Segment Start: Collected material

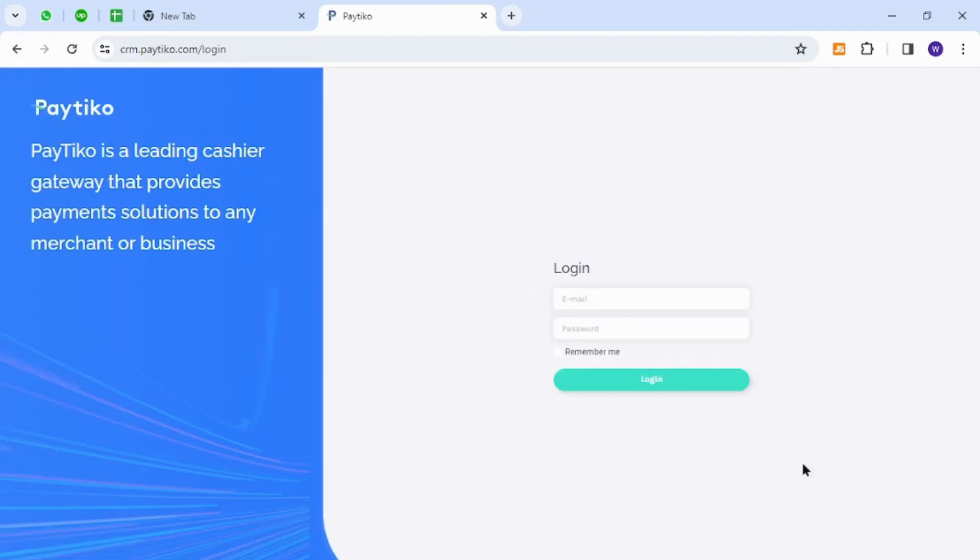This is how you will see the login details. Now you can input your email address and password, and finally hit the Login button to successfully sign into your Paytico account.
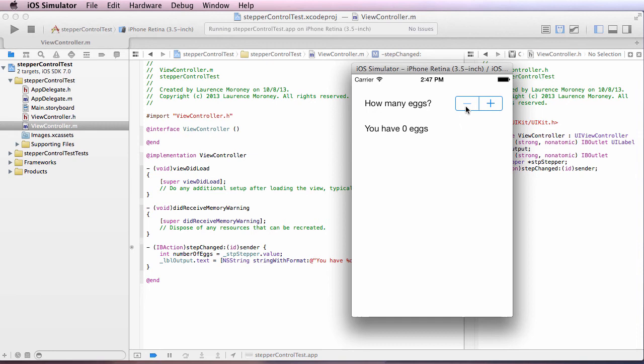And one thing that's very nice is that once it reaches zero, this becomes disabled. So that I can't go down to negative one, negative two eggs, etc. So I can just move up and down like so.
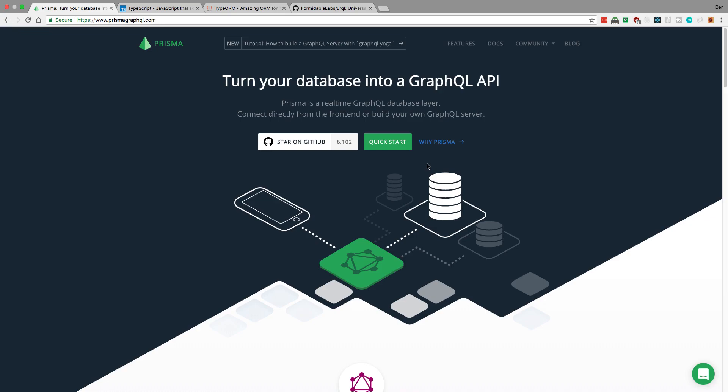You can have a totally other database, you can add caching with Redis. You pretty much have full control of what your server does and just have the option to use the Prisma database if you want to. But with that said, I don't think I'll be using it for my next project, but I'm going to be keeping a very close eye on it.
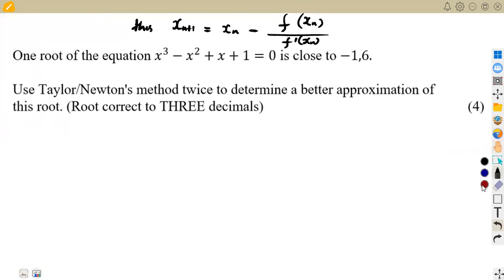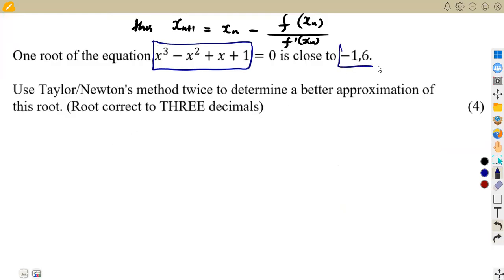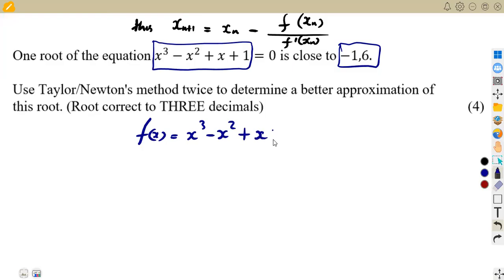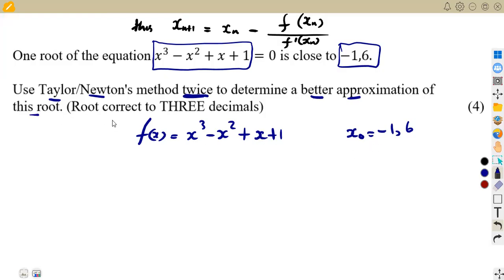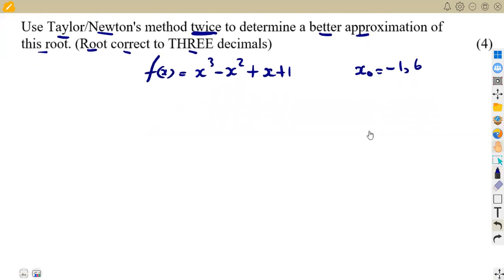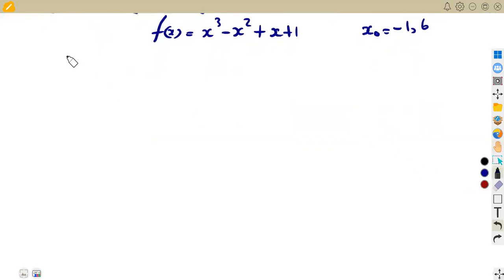So here we are given our first equation to attempt. One root of the equation: F(x) = x³ − x² + x + 1, and the approximated value X naught is negative 1.6. Use the Taylor or Newton's method twice — take note, two times — to determine a better approximation of this root, correct to three decimal places.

Segment End: Collected material

§ What you will do: Copy the whole listing above word for word but do not carry over the pictures.

§ Response for this exercise:
This is how you will see the login details. Now you can input your email address and password, and finally hit the Login button to successfully sign into your Paytico account.
And one thing that's very nice is that once it reaches zero, this becomes disabled. So that I can't go down to negative one, negative two eggs, etc. So I can just move up and down like so.
You can have a totally other database, you can add caching with Redis. You pretty much have full control of what your server does and just have the option to use the Prisma database if you want to. But with that said, I don't think I'll be using it for my next project, but I'm going to be keeping a very close eye on it.
So here we are given our first equation to attempt. One root of the equation: F(x) = x³ − x² + x + 1, and the approximated value X naught is negative 1.6. Use the Taylor or Newton's method twice — take note, two times — to determine a better approximation of this root, correct to three decimal places.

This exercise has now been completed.